[racket] JSON module: why symbols for object keys? lists for arrays?

From: Erik Pearson (erik at adaptations.com)
Date: Mon Apr 22 19:54:47 EDT 2013

Hi Eli,

Wow, thanks for the great feedback.

On Mon, Apr 22, 2013 at 3:21 PM, Eli Barzilay <eli at barzilay.org> wrote:
> Two hours ago, Erik Pearson wrote:
>> Hi,
>>
>> I've just starting playing with JSON in racket. The goal is to use
>> JSON + Mustache-like templates to generate content.
>
> General comment: unless you have an explicit goal of supporting
> Mustache templates as-is, you should consider doing things in plain
> Racket.  IMO it works far better than the pile of half-baked hacks
> that is Mustache (at least AFAICS).  (I can go on for pages on this
> point, so I'll avoid it unless anyone's interested...)

I have a some extensive web sites built on Mustache-style templates. I
say style, because it is more based on the original ctemplate syntax
from Google, and avoids some of the Mustache limitations or Handlebars
extensions. It is very practical, in my experience, and easy enough to
implement (since it sticks with the very simple syntax.)

It is also very usable when combined with json: It is easy to "walk"
them in parallel, and to reason about how the template rendering
should behave in the presence some particular valid json data.

>
>
>> I've done this lots with CL and Javascript, now trying the Racket
>> approach. I'm wondering about a couple of design decisions for the
>> JSON module. For one, I was a bit surprised but not shocked to see
>> json object property keys implemented as symbols. I assume it is for
>> performance reasons?
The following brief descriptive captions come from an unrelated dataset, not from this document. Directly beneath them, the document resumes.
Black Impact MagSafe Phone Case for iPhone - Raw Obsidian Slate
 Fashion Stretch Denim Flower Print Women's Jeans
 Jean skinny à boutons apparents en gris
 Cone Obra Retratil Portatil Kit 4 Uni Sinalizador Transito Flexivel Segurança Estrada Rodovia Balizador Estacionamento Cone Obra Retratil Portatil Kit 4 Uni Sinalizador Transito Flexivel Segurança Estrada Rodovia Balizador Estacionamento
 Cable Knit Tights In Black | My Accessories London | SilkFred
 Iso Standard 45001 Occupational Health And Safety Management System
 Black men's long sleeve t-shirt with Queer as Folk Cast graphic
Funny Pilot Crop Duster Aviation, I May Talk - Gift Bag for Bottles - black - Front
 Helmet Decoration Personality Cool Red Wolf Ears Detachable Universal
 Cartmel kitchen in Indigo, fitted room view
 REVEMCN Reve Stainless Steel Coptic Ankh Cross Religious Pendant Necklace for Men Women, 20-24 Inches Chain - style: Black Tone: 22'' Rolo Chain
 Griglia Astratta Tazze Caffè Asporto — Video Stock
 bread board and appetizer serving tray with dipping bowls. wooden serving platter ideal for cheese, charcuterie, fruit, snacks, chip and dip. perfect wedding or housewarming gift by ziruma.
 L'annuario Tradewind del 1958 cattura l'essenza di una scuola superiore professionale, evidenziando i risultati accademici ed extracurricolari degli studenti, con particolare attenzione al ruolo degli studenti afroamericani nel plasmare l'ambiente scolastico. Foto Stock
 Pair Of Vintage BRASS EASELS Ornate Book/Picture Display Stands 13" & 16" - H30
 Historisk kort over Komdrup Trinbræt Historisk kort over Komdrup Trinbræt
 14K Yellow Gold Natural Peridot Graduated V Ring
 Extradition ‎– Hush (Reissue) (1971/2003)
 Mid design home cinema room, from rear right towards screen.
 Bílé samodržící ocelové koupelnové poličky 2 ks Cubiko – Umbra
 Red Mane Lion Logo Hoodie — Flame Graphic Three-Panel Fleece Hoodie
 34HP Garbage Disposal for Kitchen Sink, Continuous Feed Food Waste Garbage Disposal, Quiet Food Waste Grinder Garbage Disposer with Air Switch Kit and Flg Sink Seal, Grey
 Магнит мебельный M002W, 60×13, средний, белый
I know there is be a trade off between the cost
>> of converting strings to symbols, the efficiency of symbol-based eq
>> hash tables vs string equal hash tables, etc.
>
> I'm not responsible for the original representation decisions -- I
> just borrowed the ones made by Dave except for the `#\null' thing he
> used -- so I can't speak for him.  However, it seems to me that these
> decisions make sense given that it's almost obvious that the intention
> is to use hash tables with some symbol-like domain for keys.  So I
> don't think that there were any efficiency considerations, just an
> attempt to use the most natural representation given the vague spec.
>
>
>> For me there is also the increase in complexity when translating
>> from JSON to jsexpr -- when components of JSON are translated into
>> different objects in the host language it is yet another thing to
>> remember, multiple forms of symbols, another layer of coding.  [...]
>
> I'm not following what it is that is more complicated here.  The fact
> that there are different concrete syntaxes for the same symbols is not
> different from strings which have the same issue.  But either way,
> this shouldn't be an issue since you shouldn't care about the actual
> JSON source and just use the values that you read it as.  (So I'm
> guessing that I'm missing something here.)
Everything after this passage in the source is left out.